Pilotstudie leverkanker
Voor zover bekend is het UMCG het eerste onderzoeksinstituut ter wereld dat een onderzoek naar cannabisolie bij leverkanker gaat doen. “In deze vorm, althans”, zegt Nijkamp. “Er is divers laboratoriumonderzoek naar de werking van cannabis op tumoren en we weten ook van onderzoek naar cannabisolie bij hersentumoren, maar voor zover bekend is daar nog geen vervolg aan gegeven.
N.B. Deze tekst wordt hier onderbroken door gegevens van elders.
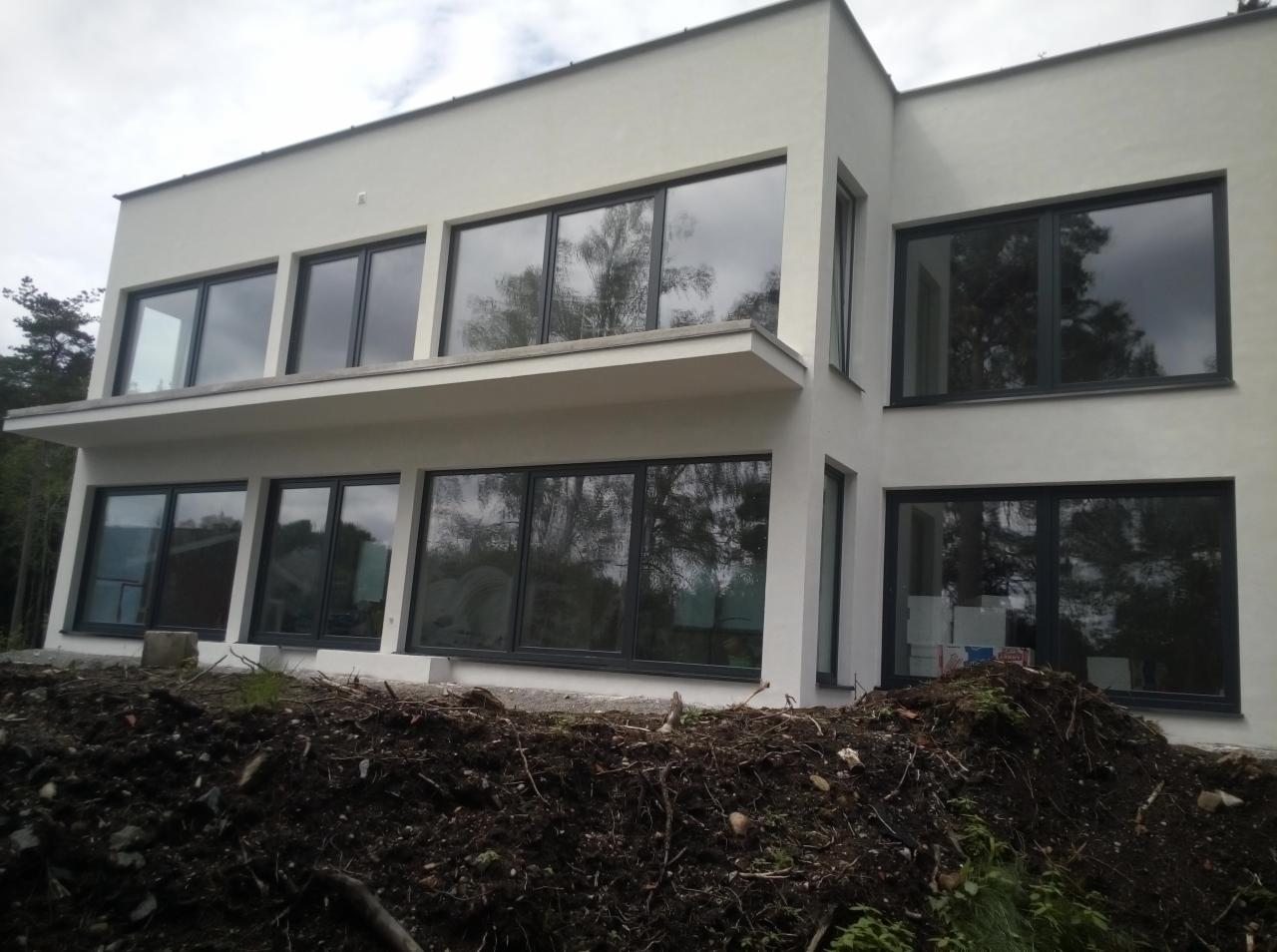 Nowoczesny dom z dużymi oknami w ciemnych ramach, widoczne prace ziemne wokół budynku.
En uiteraard wordt cannabis door kankerpatiënten ingezet om tijdens behandeling de kwaliteit van leven positief te beïnvloeden. Dit is dus een echte pilotstudie. En die studie zal alleen iets zeggen over de werking van cannabis bij patiënten met leverkanker, bij wie de lever nog functioneert. Zodra we weten dat het bij één patiënt iets doet, zijn we een stap verder en kunnen we serieus gaan nadenken over verder onderzoek. Denk daarbij aan patiënten met leverkanker én leverbeschadiging en andere vormen van kanker. We zouden bovendien kunnen constateren dat cannabinoïden – in deze verhouding en bij deze patiënten – een positieve bijdrage leveren aan kwaliteit van leven. Op basis daarvan zouden cannabis based products in de toekomst een vaste rol kunnen spelen binnen oncologie.
Maar de uitkomst kan ook zijn dat bij geen van de twintig mensen een reactie optreedt. Dan hebben we gedaan wat we vanuit medisch-wetenschappelijk oogpunt moesten doen, maar staan we wat betreft de genezing van de beide patiënten nog steeds voor een raadsel.”